Between our app and main course, the waiter brought out a palette cleanser for us. It was one of those fun little things that molecular-gastronomists like to do. It had a concentrated citrus liquid (orange I believe) suspended in a gelatin skin, which was in turn suspended in a different liquid in a shot glass. Unfortunately, we didn’t get a picture of it and the only thing I remember is the strong taste of citrus and the pop of gelatin skin. While it may not be the highlight of the meal, it was definitely fun and amusing. The timing on the courses was stellar. There was no awkward lag between one dish and another.
Lindz decided to go all out on the fancy seafood this night. For her entree she chose the butter poached lobster. There is really no way you can go wrong with that combination. The little bite that I stole from her proved that very well. Without a doubt, this was the most perfectly cooked lobster that I’ve ever had. The butter flavor was infused into the meat and since it was poached, the meat was unbelievable succulent and tender.
I opted for the white wine braised rabbit. I choose it mainly because I haven’t had rabbit in a long time, also it was the most out of the ordinary dish they had for entrees.
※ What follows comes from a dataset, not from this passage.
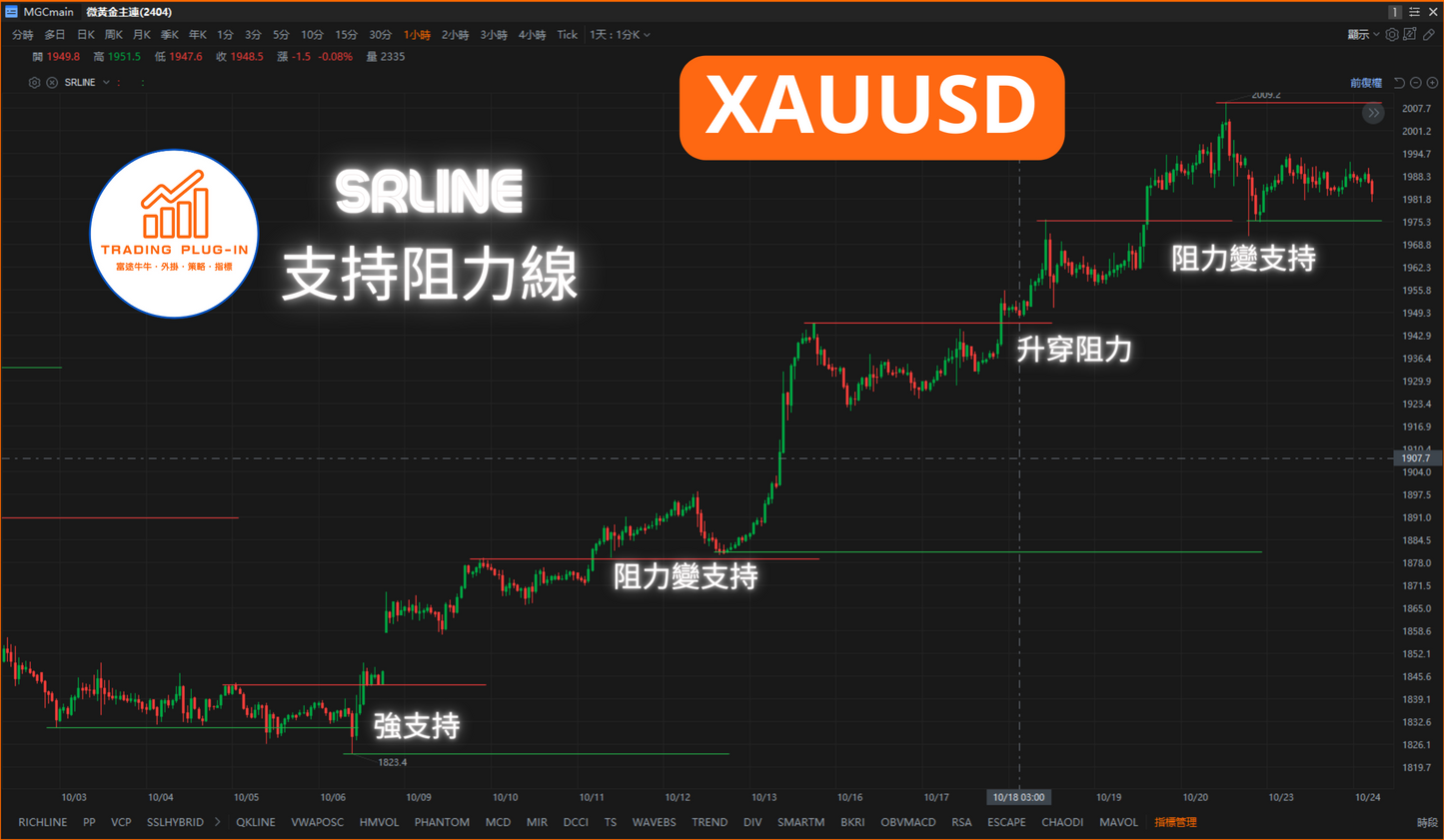 富途牛牛外掛指標 - 支持阻力線 SRLINE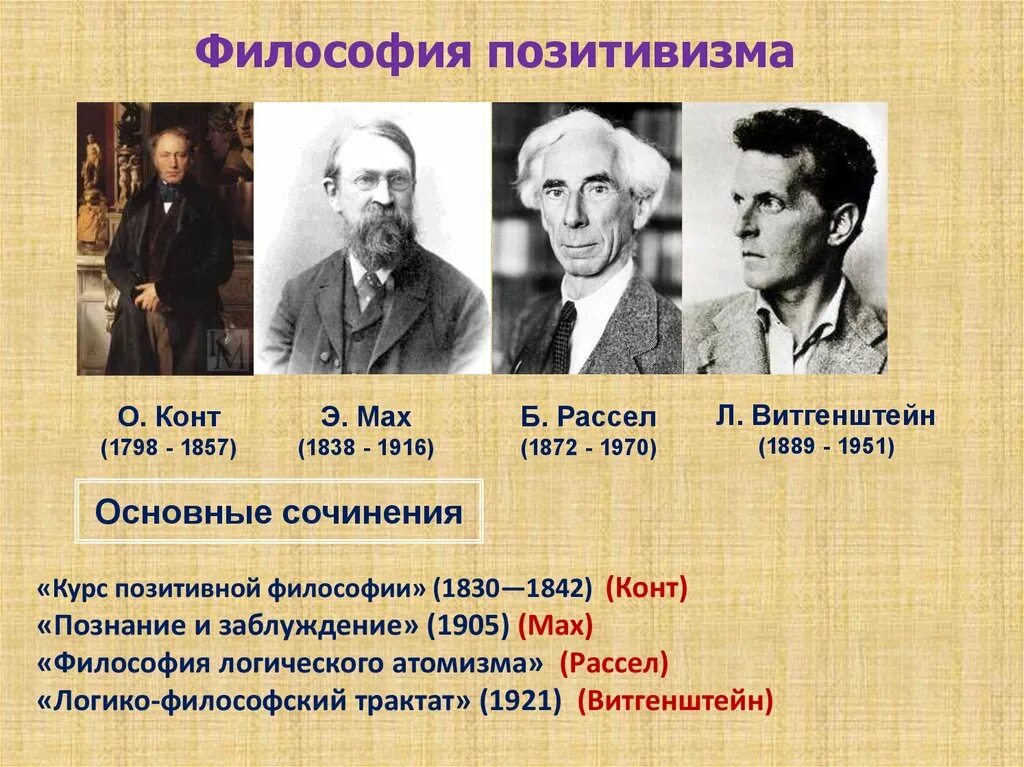 Представители позитивизма в философии. Представители раннего позитивизма. Основоположники позитивизма Мах конт Ницше поппер Спенсер. Позитивизм 20 века представители. Представители школы ученые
If you haven’t figured it out by now, I like to be adventurous with my food. It pains me to admit this, but this was the weakest dish that we were served the entire night. I’m a self-proclaimed salt fiend and by the time I got to the end of my dish, it was getting a bit salty even for my palette. Other then being a bit heavy handed with the NaCl, this was a great dish. the rabbit was tender and flavorful. The pasta, I’m 98% certain was made from scratch and cooked to the perfect chewiness. All in all, it was a great meaty and earthy dish.
Even taking our wild sushi meals into account, this was by far the most expensive meal I’ve ever eaten. That being said, it was also without question one of the top three meals that I’ve ever eaten. As soon as we can afford it, I’m planning on going back.
I do feel a little guilty about the tip we left our waiter. Don’t worry, it was in excess of what we normally do and we are generous tippers. If we could have afforded it, I would have left him a 100% tip because with his help the experience was that great and the food selections were even better. If you can afford to splurge for a night, I recommend this place without hesitation.